Exhaustion and Needs in Frontline COVID-19 Healthcare Workers: Cross-sectional Study in a Belgian Population

This is a cross-sectional comparative study based on self-reported questionnaires and scales (validated for the most part) assessing the levels of burnout, emotional distress, sleep disturbance and needs in frontline Covid-19 healthcare workers vs non-Covid-19 healthcare workers. The enrollment and the course of the study will be carried out on site. Participants are volunteers and are informed about the objectives and methods of the study.

Any physician, nurse or physiotherapist (referred as "healthcare worker") actively working in a medical care unit from different medical facilities will be informed of the study. An email containing information regarding the study and its implications will be sent. If required by the care unit they work in, potential participants will also be invited to a one-time information session. Potential participants will also be given an information form during this oral information session. Participants will be recruited from April 15th to May 15th 2020.

The assessment will be proposed by paper or web-based self-reported questionnaires and scales. This mixed-mode survey will not be randomized and will ensure the highest range of participants, considering the hygiene and organizational requirements in the target units. The assessment time will be proposed at the participant's inclusion. Because of the mixed-mode survey and anonymity of data, the completion of questionnaires and scales will be considered as informed consent as stated in the information form received by the participants.

The questionnaires and scales include sociodemographic characteristics, professional information, the Professional Fulfillment Index (PFI), the Depression, Anxiety and Stress Scale-Short Form (DASS-21), the Insomnia Severity Index (ISI) and the Needs and Difficulties Inventory (NDI, developed for the study).

Healthcare workers from emergency units, non-intensive Covid-19 and intensive Covid-19 units will be in the target group. Healthcare workers from non-Covid-19 units will be in the control group. In terms of enrollment, 200 participants (100 in each group) are expected. The objectives of the study will be reached by statistical comparison of these groups.

In terms of data collection, the data manager collects data from paper version and electronic version. For the paper version, participants will be able to deposit their assessment in specific drop boxes available in the concerned care units.
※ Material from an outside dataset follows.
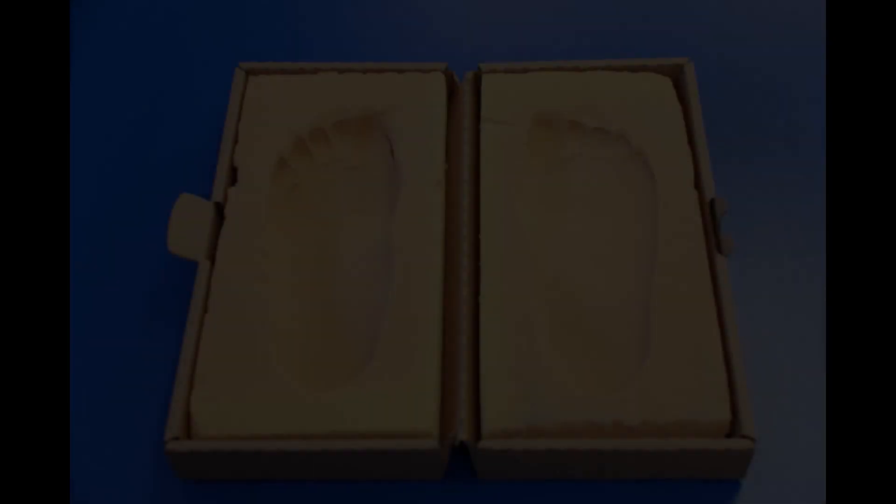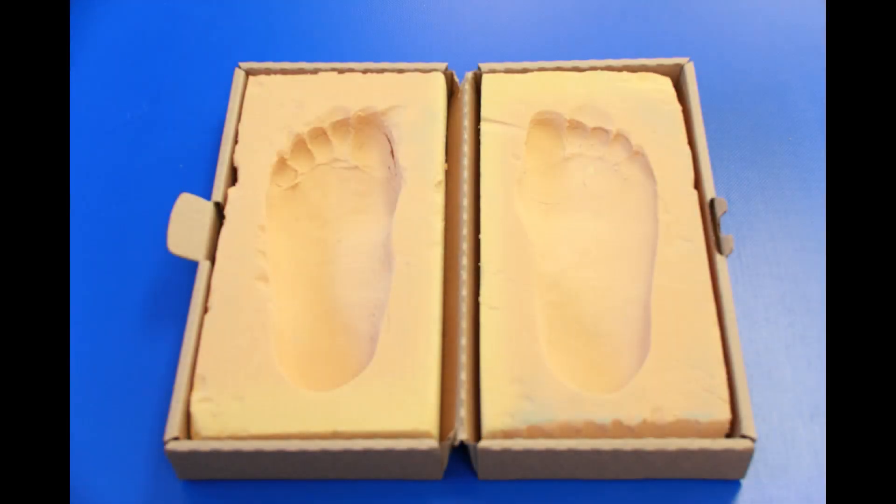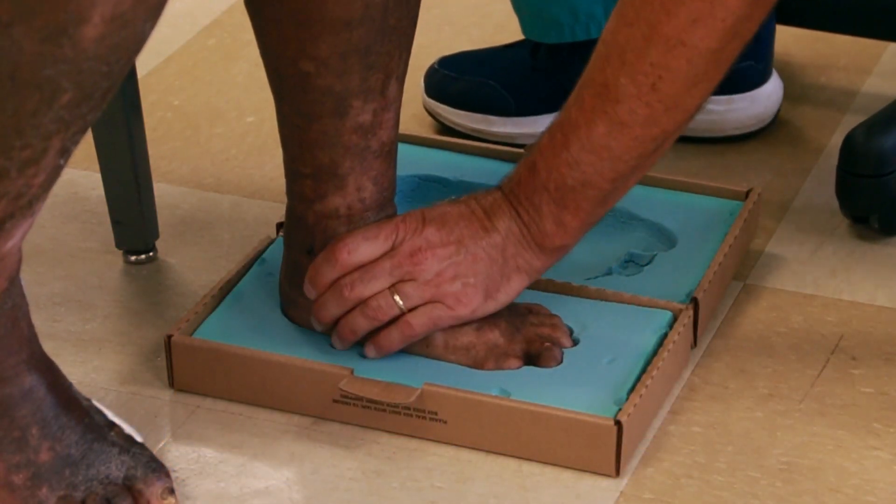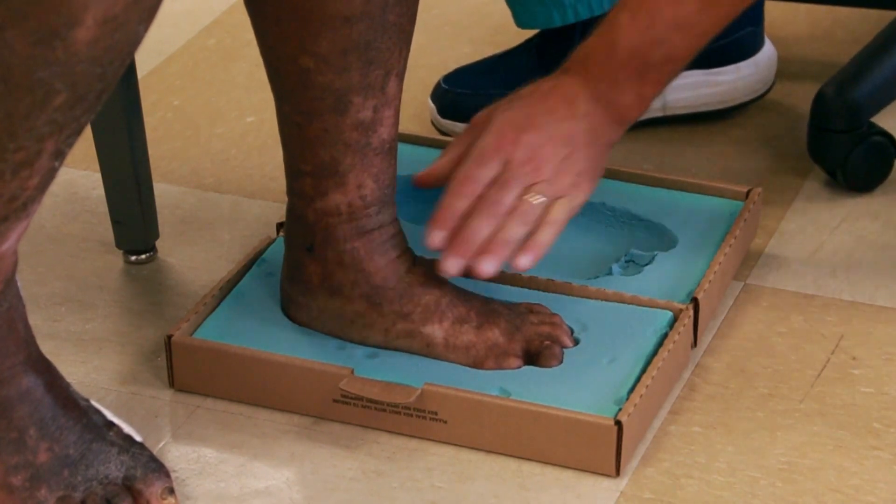The following short video demonstrates the proper technique to take impressions of the feet using the Amfit foam box. In order to obtain an accurate mold, the foam impression must be deep enough to capture all of the curves and contours of the patient's foot. The goal is to press firmly so that the foot will penetrate the full depth of the foam box, especially at the heel and the forefoot.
Then, data manager's assistant will be in charge of producing a digital copy. The data from the paper version will undergo double encoding (by two assistants, not linked to the principal investigator) in order to reduce encoding errors. The electronic data will be stored on a secure platform, linked to the Free University of Brussels. The paper version will be stored in a secure location within Erasme Hospital (Brussels, Belgium), accessible only by the principal investigator and the data manager. Evaluations, whether paper or electronic, will be destroyed 1 month after study completion date.

Statistical analysis will consist firstly in a comparative analysis of participants' sociodemographic and professional characteristics using Chi-squared (or Student t test, Mann-Whitney U test when applicable for continuous variable) test for each categorical variable. Secondly, descriptive analyses will be performed on severity categories for professional fulfillment, burnout, insomnia, depression, anxiety and stress. Differences between groups regarding severity levels will be tested using X2. A two-way MANOVA will be used to test main effects of working position (group effect), occupation type (occupation effect) and to test a group × occupation interaction effect on fulfillment, burnout, insomnia and mental health scores. The two-way MANOVA will be adjusted for age, gender, marital status, workload and job status. Multivariable logistic regression analyses will be performed to estimate risk factors for burnout, clinically significant insomnia and severe to extremely severe depression, anxiety and stress. These will be presented as odds ratios, with 95% confidence intervals, adjusting for confounders. All tests will be two-tailed and alpha was set at .05. All analyses will be performed using IBM SPSS® v26.